Per il 2025 si prevede una crescita del 3%, ma lo scenario resta incerto. Le principali preoccupazioni per le imprese sono l’instabilità geopolitica (72,7%) e la pressione sui prezzi (63,6%). Solo il 9,1% teme la concorrenza sulla qualità, segno della forte specializzazione e del valore aggiunto della produzione italiana.

La risposta delle aziende? Investimenti in tecnologia, nuovi prodotti e una crescente attenzione all’innovazione sostenibile. Ben il 72,7% sviluppa articoli a basso impatto ambientale, e il 66,7% lavora già su obiettivi di riduzione delle emissioni.

Chi guida il mercato

Tra i leader di fatturato svetta HTI-High Technology Industries (€1,49 miliardi), seguita da Decathlon Italia e Technogym. Ma è Favero Electronics, con un margine operativo del 43,8%, a brillare per redditività.

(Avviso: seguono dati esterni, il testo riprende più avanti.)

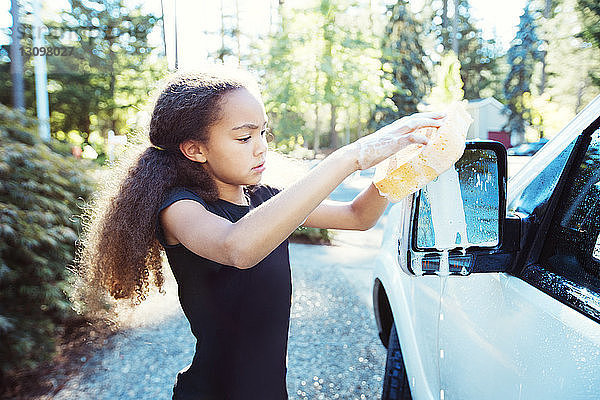 Mädchen wäscht Auto  während sie an der Einfahrt steht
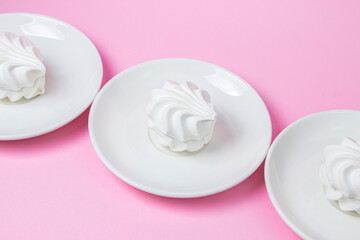 White marshmallow on a pink background. White marshmallow on a white plate. Light dessert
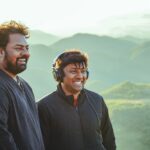 Two men smiling and enjoying a scenic mountain view outdoors, wearing jackets and headphones.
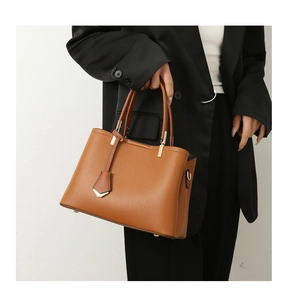 Detail of a brown lychee pattern leather tote bag with gold hardware and a side D-ring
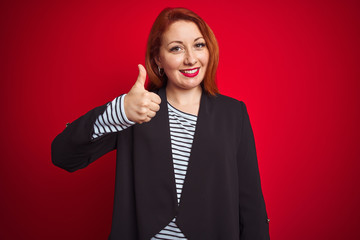 Poster - Beautiful redhead business woman wearing elegant jacket over isolated red background doing happy thumbs up gesture with hand. Approving expression looking at the camera with showing success.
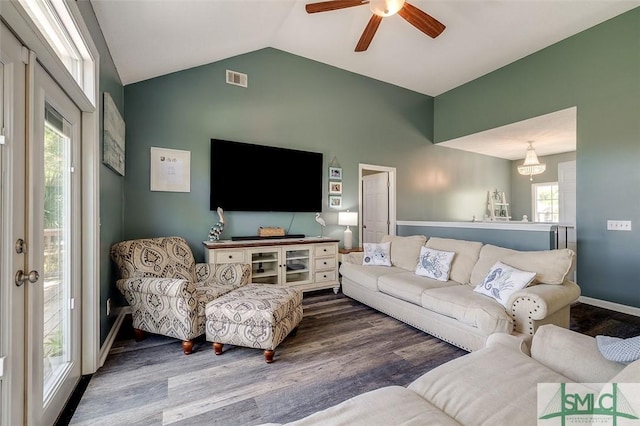 living area featuring a ceiling fan, a healthy amount of sunlight, wood finished floors, and lofted ceiling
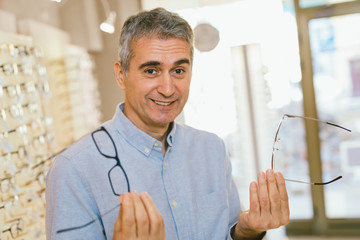 Sticker - man choosing the best glasses for him in optics store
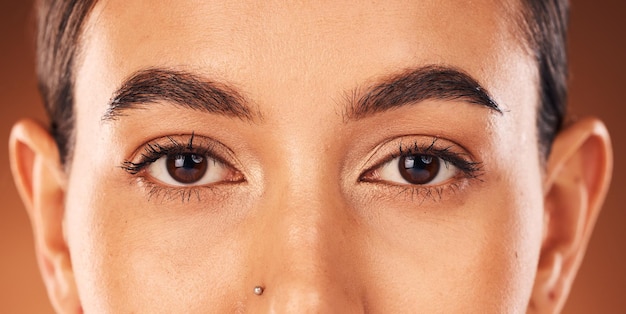 Beauty eyes and vision portrait of a woman in studio for cosmetics make up and dermatology with natural lashes and skin Zoom on aesthetic model with eye care focus and perfect eyebrow shape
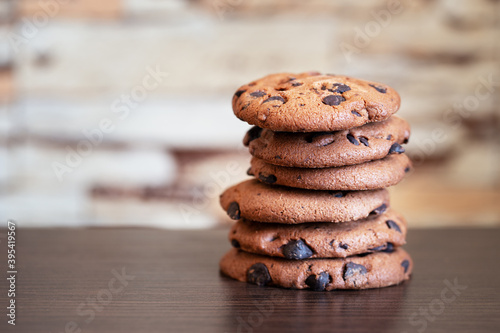 Stack of oatmeal cookies with chocolate on wooden table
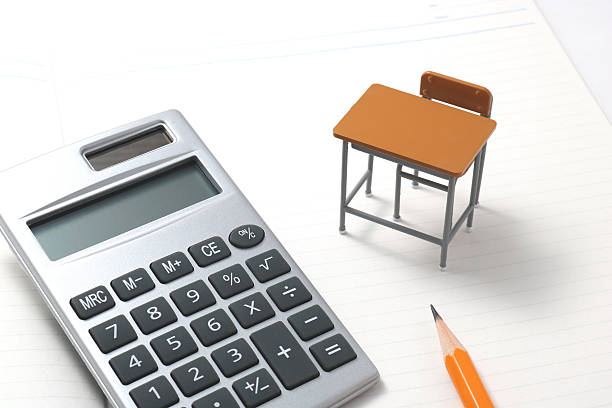 Notebook, calculator, pencil and miniature desk. Notebook, calculator, pencil and miniature desk on white background.Notebook, calculator, pencil and miniature desk on white background. high school enrollment stock pictures, royalty-free photos & images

Un’eccellenza globale proiettata all’estero

Il 63,6% del fatturato proviene dai mercati internazionali, soprattutto Europa (41%) e Stati Uniti (15%). Più debole la presenza in Asia, ma le aziende puntano su nearshoring e friendshoring per stabilizzare la produzione.

Sport e salute: un’urgenza nazionale

Sul fronte interno, lo sport è sempre più riconosciuto come fattore di benessere collettivo. Non a caso, dal 2023 è stato inserito nella Costituzione come diritto fondamentale. Tuttavia, l’80,3% degli italiani è ancora sedentario, con gravi ricadute sanitarie ed economiche: 1,3 miliardi di euro l’anno di costi aggiuntivi previsti fino al 2050.

Una filiera in crescita e in trasformazione

Il comparto Sport&Outdoor si conferma uno dei più resilienti a livello globale, con un giro d’affari mondiale che nel 2025 supererà i 363 miliardi di euro. L’Italia, grazie al suo mix di artigianalità, innovazione e visione green, ha tutte le carte in regola per continuare a giocare un ruolo da protagonista.